- **Supplied data**:
★ ★ ★ ★
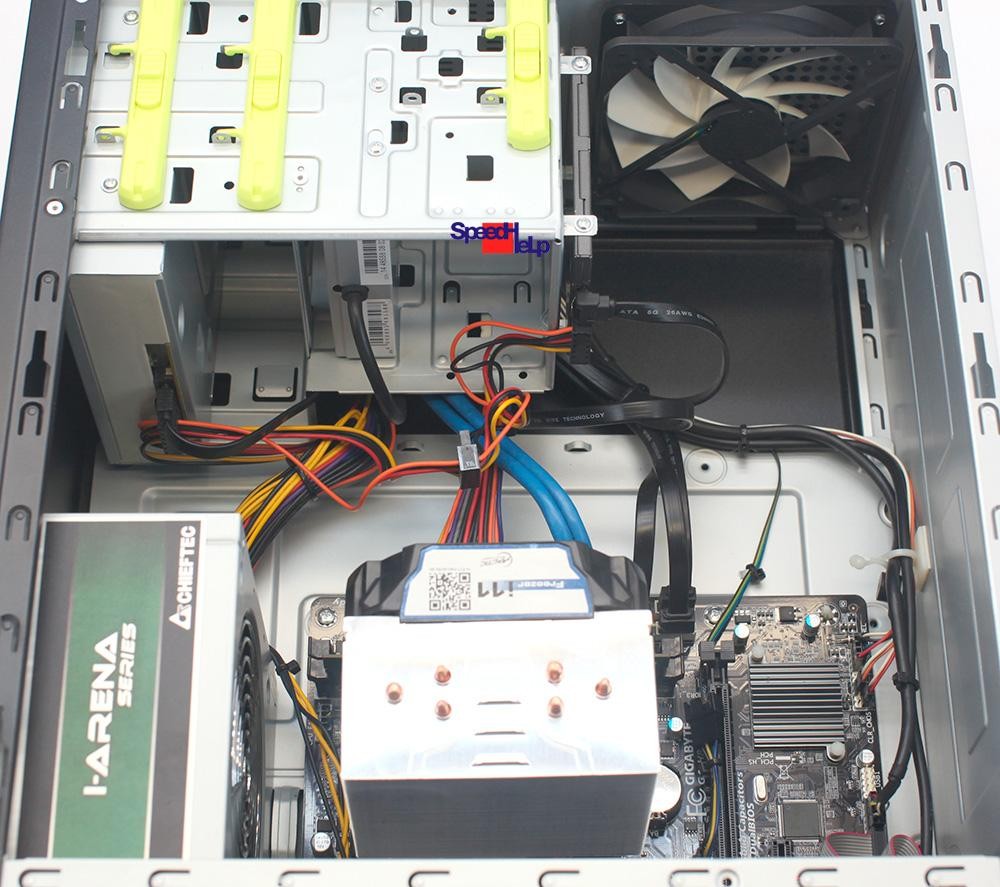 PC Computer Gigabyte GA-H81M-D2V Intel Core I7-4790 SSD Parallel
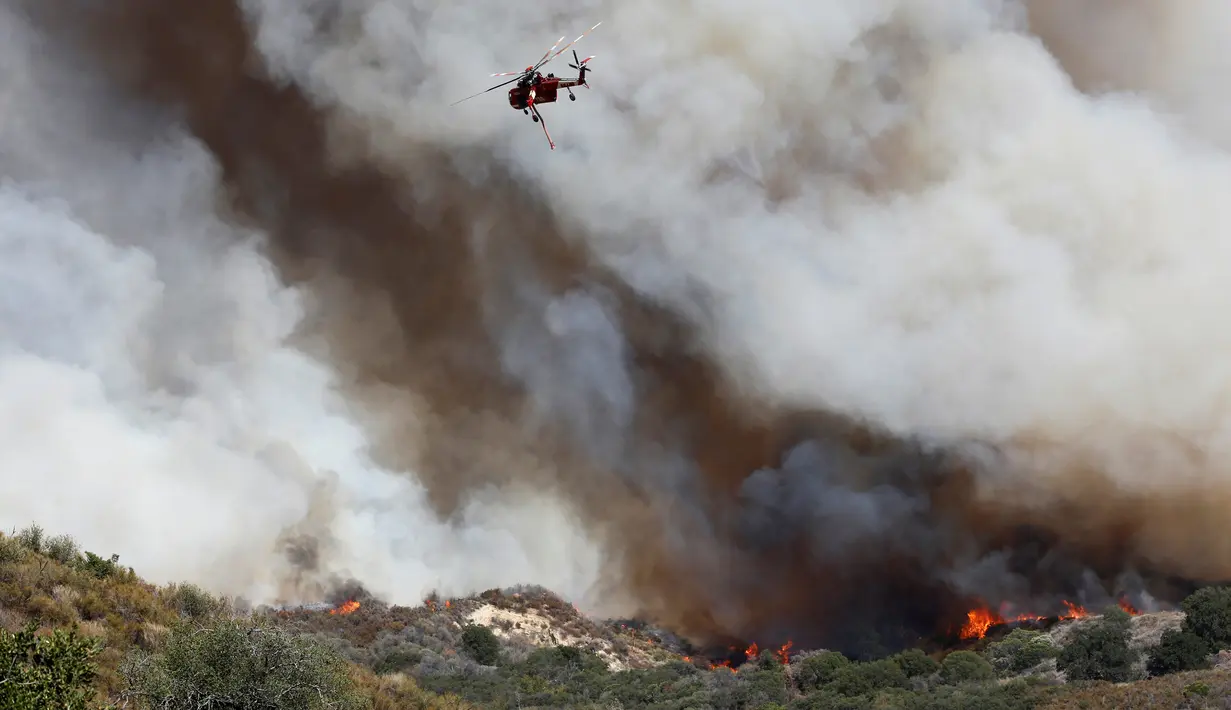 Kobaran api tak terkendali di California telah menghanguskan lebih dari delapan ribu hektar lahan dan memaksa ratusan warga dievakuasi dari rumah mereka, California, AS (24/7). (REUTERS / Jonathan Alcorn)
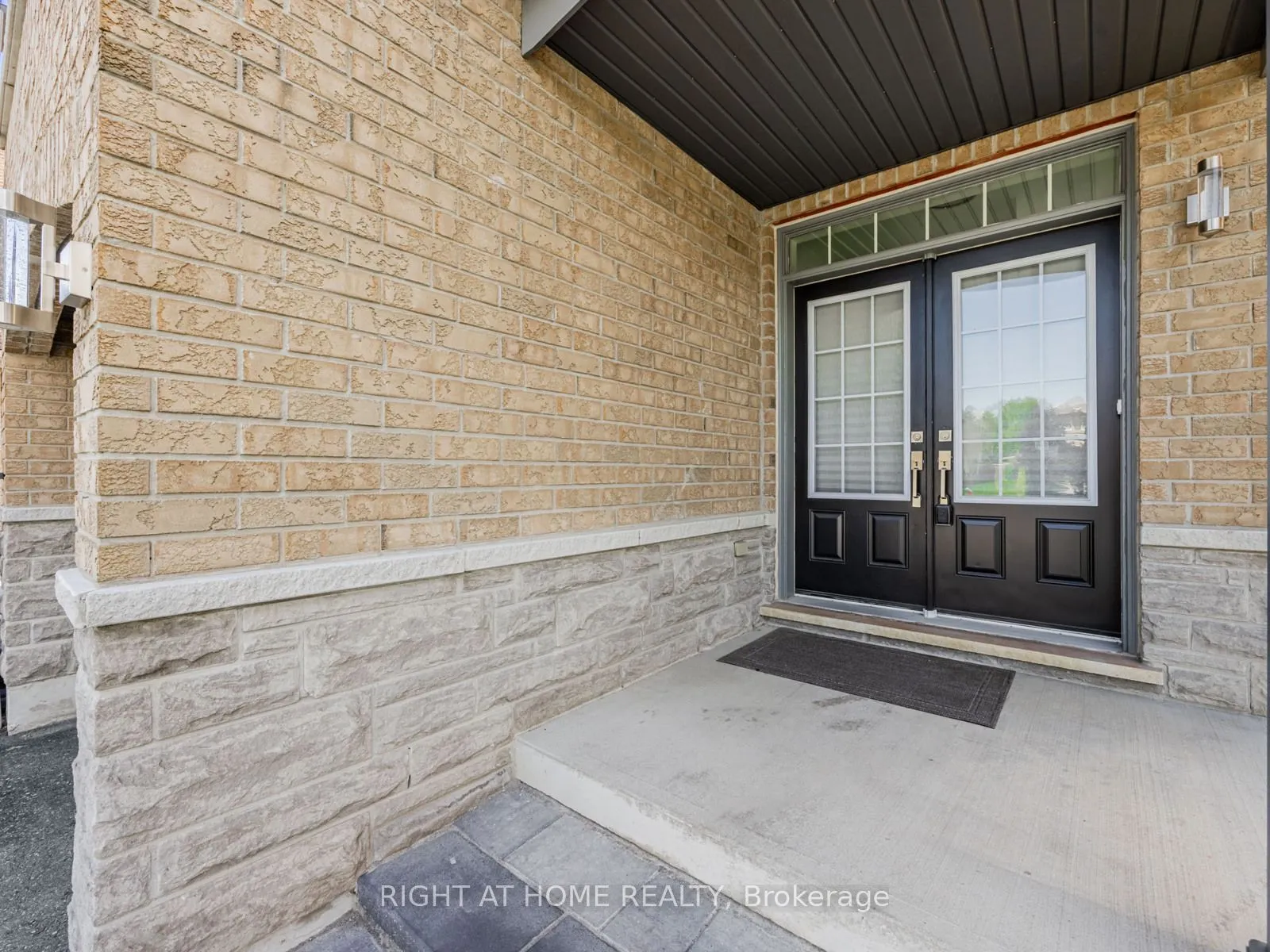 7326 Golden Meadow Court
★ ★ ★ ★
- **Instructions for the task**: Give back the listing word for word, minus its images.

- **Task response**:
 PC Computer Gigabyte GA-H81M-D2V Intel Core I7-4790 SSD Parallel
 Kobaran api tak terkendali di California telah menghanguskan lebih dari delapan ribu hektar lahan dan memaksa ratusan warga dievakuasi dari rumah mereka, California, AS (24/7). (REUTERS / Jonathan Alcorn)
 7326 Golden Meadow Court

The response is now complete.